Barnsley and others on city planners have shown a willingness to listen, to be open minded and to ensure that the questions and concerns of residents that he, as a public official, is entrusted to serve in a manner that is virtually non-existent at Niagara’s regional government level and at a Niagara Peninsula Conservation Authority that no longer plans a production role as a “conservation body” in this region.
Barnsley and his colleagues is a reminder to us all that there are people of integrity in government – public servants who don’t just mouth slogans about working in an open, democratic manner with members of the public, but who demonstrate through action that they take these responsibilities as public servants serious.
Now here is John Bacher’s encouraging message make the rounds on the internet this weekend, edited and posted here with his permission –
This past Friday, August 19th, an important victory was won when the Niagara Falls Planning Department released its recommendations on Thundering Waters.
In essence, the report recommends against proceeding with the zoning changes needed to destroy the forest until five conditions are met. Of these conditions, the most important and difficult one to meet is consultation with Native peoples.
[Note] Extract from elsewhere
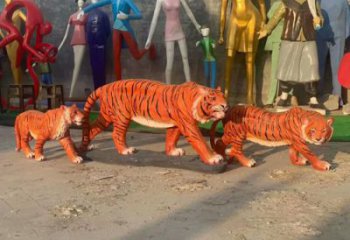 商業(yè)街玻璃鋼老虎雕塑 售樓處動物雕塑 神獸擺件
I believe the Planning Act would allow the developer the right to appeal a non-decision on their application to the Ontario Municipal Board. However, if they do this, they would have a lot of trouble since the OMB would be quite aware of the brave nature of the Niagara Falls Planning Department standing up to this developer and would respect the department for it.
After reading the Planning Department report, I came to the conclusion that the best way to win the struggle would be for the land to be purchased by both the federal and provincial governments as part of the resolution of a Native land claim, so that the site could essentially become a tribal park.
This could be the first stage of a much needed national Carolinian park, whose goal would be to protect the wonderful wetlands created in our region of the world by Lake Tonawanda, which vanished about 3,400 years ago.
Many thanks to you all for what we have achieved so far, which I think can be enhanced if we talk at the public meeting (this coming Tuesday, August 23rd at 6:30 p.m. at Niagara Falls City Hall about the Native managed Carolinian park concept, which will help ensure that both the wonders of creation and Native care for it are perpetuated for generations to come.
Many thanks, Hope to see you all in Niagara Falls in a few days – John Bacher.